Texas Education Agency officials said the curriculum is optional, not mandatory, for the state’s more than 1,200 school districts. Even so, the Nov. 22 vote made Texas the clearest example yet of a state formally backing Bible-linked content in classroom lessons while describing it as part of literature and history instruction.

That vote also put attention on other Republican-led states where similar ideas are no longer theoretical. In Oklahoma, Louisiana, Arkansas, and South Carolina, state officials or lawmakers have taken documented steps in 2024 to expand or encourage Bible-related instruction, while Idaho has also seen public discussion at the state level over religion-infused curriculum standards.
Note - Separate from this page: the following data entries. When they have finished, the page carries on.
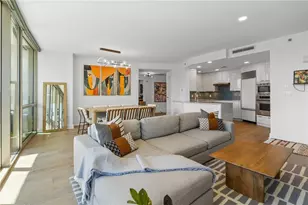 700 Park Regency Pl NE, Atlanta, GA 30326 - Photo 3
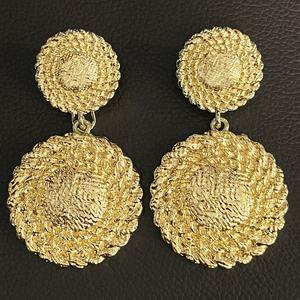 Vente en gros <span class=keywords><strong>de</strong></span> boucles <span class=keywords><strong>d</strong></span>'oreilles <span class=keywords><strong>de</strong></span> fête pour femmes nouvelle mode boucles <span class=keywords><strong>d</strong></span>'oreilles <span class=keywords><strong>chapeau</strong></span> <span class=keywords><strong>de</strong></span> <span class=keywords><strong>paille</strong></span> style italien plaqué or 18 carats - Product Image 5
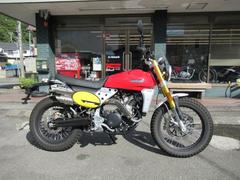 ＦＡＮＴＩＣ　キャバレロ　スクランブラー２５０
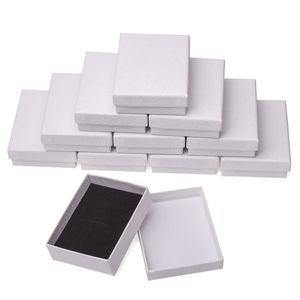 Papperspaket kartongarmband lådor Rektangel Square Gift Present lagringsutrymme för lagringslåda för smycken 15/18/24p/30cs 240104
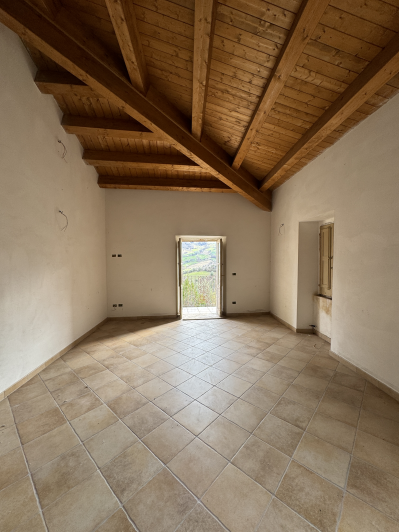 Image No.22-3 Bed Country House for sale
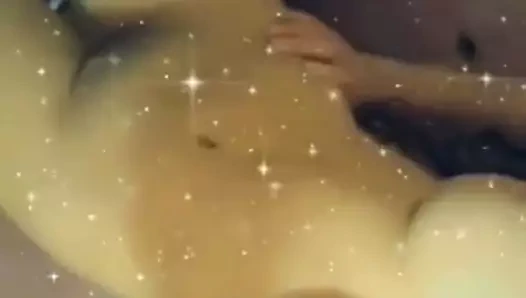 yaramaz busty içinde banyo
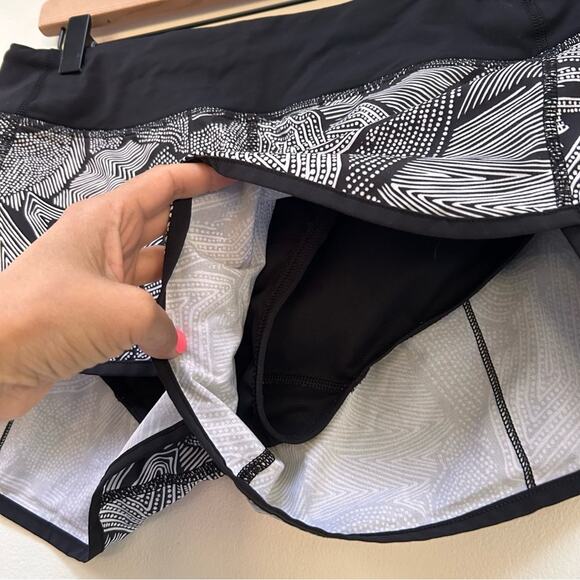Lululemon Speed Short Dottie Tribe White Black / Black Running Jogging size 6 - Picture 7 of 11
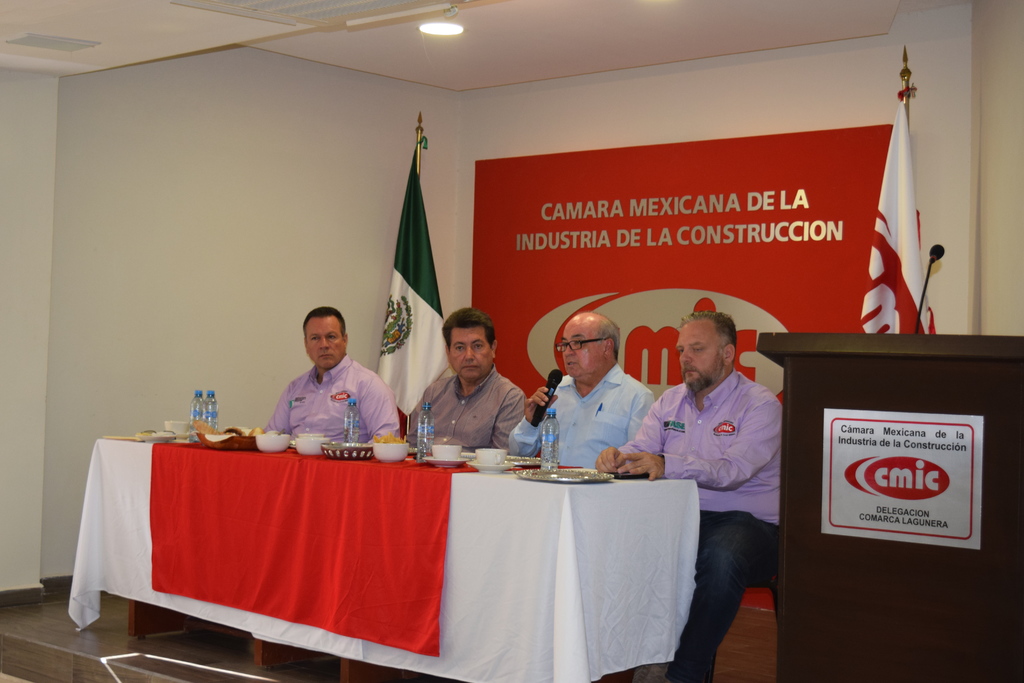 Integrantes de la Cámara Mexicana de la Industria de la Construcción (CMIC) Delegación Laguna se reunieron ayer con el director del Centro SCT Durango, Ángel Sergio Dévora Núñez. (ARCHIVO)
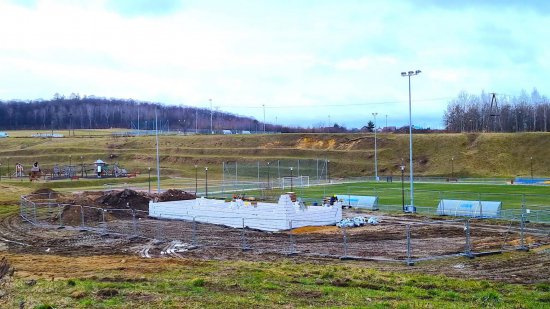 Rozpoczęła się budowa zaplecza szatniowo-sanitarnego kompleksu sportowo-rekreacyjnego w Kamieńcu Ząbkowickim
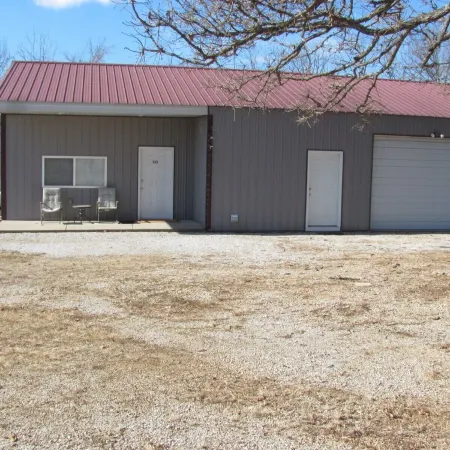 Cozy Country Cabin! 1 mile from Lake and beach area!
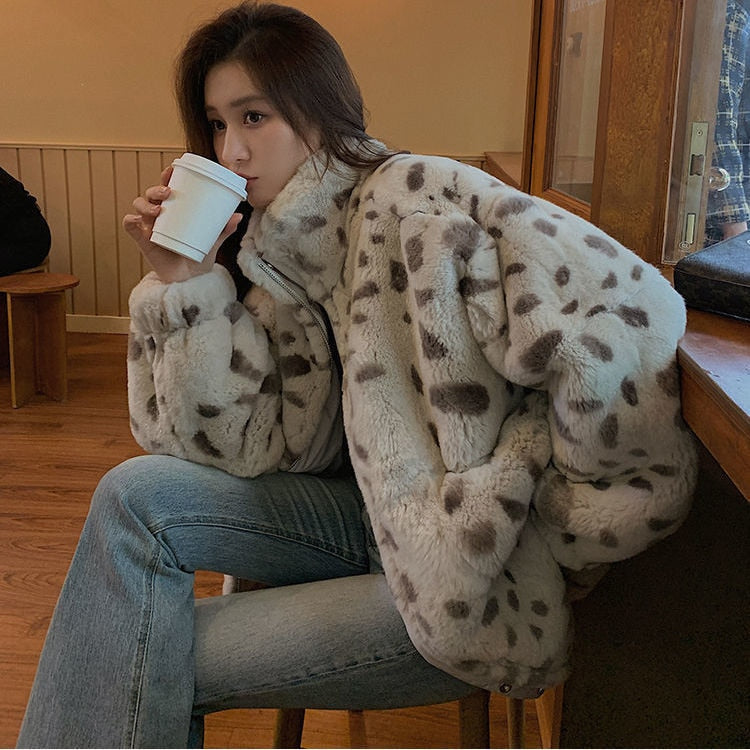 2021 new lamb wool coat female winter Korean version loose twosided wear imitation rabbit leopard fur padded coat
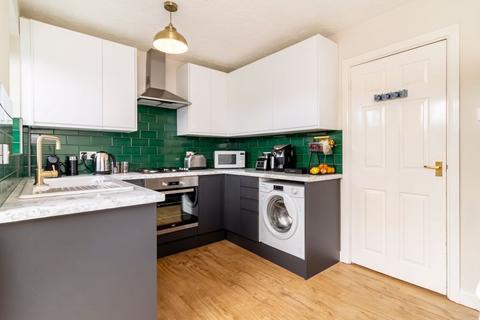 28 Crowhurst Mead, Godstone, RH9 8BF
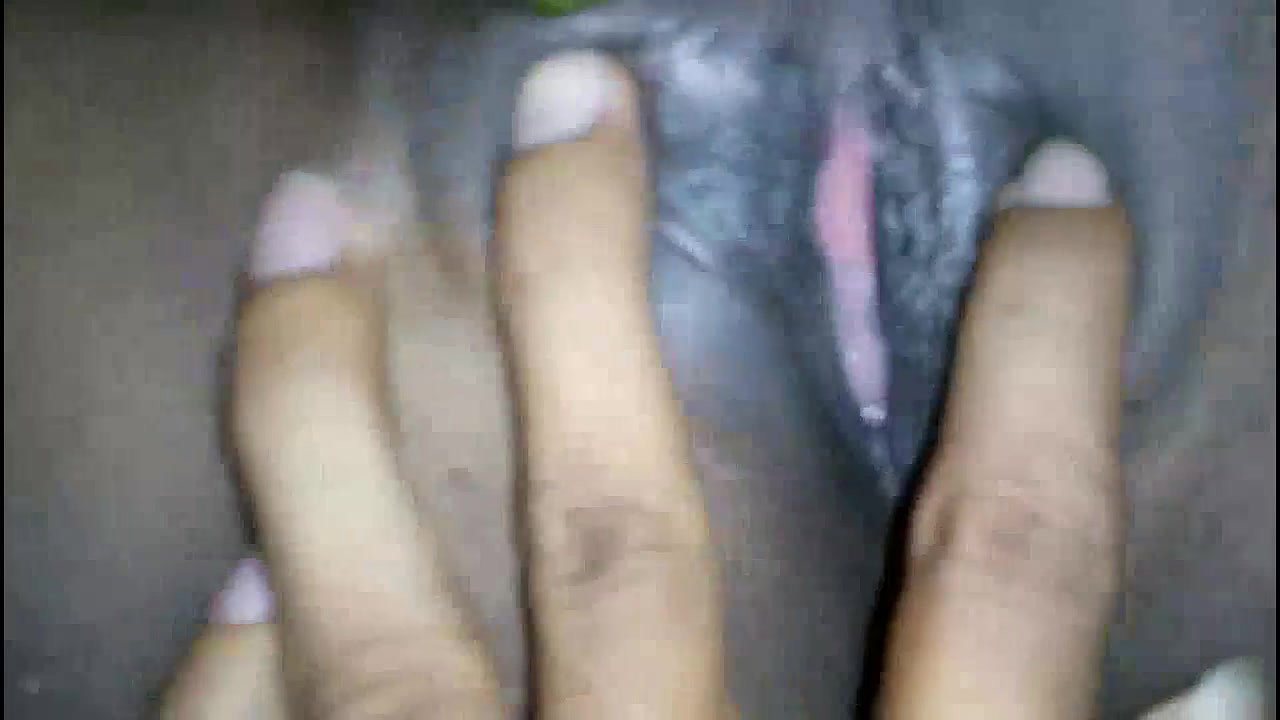bhabhi ne choot mein aam ghusayi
Where other states stand right now

Olga_Fil/Pixabay
Olga_Fil/Pixabay

Oklahoma State Superintendent Ryan Walters said in June 2024 that public schools must teach the Bible as an instructional support for history and literature in grades 5 through 12, according to guidance issued by the Oklahoma State Department of Education. Court challenges followed, and as of late 2024, statewide implementation remained contested rather than settled.

Louisiana took a different route. In June 2024, Gov. Jeff Landry signed a law requiring the Ten Commandments to be displayed in every public school classroom, from kindergarten through state-funded universities. That law is about classroom displays, not a full Bible-story curriculum, but it is part of the same broader push to bring more explicitly religious material into public education.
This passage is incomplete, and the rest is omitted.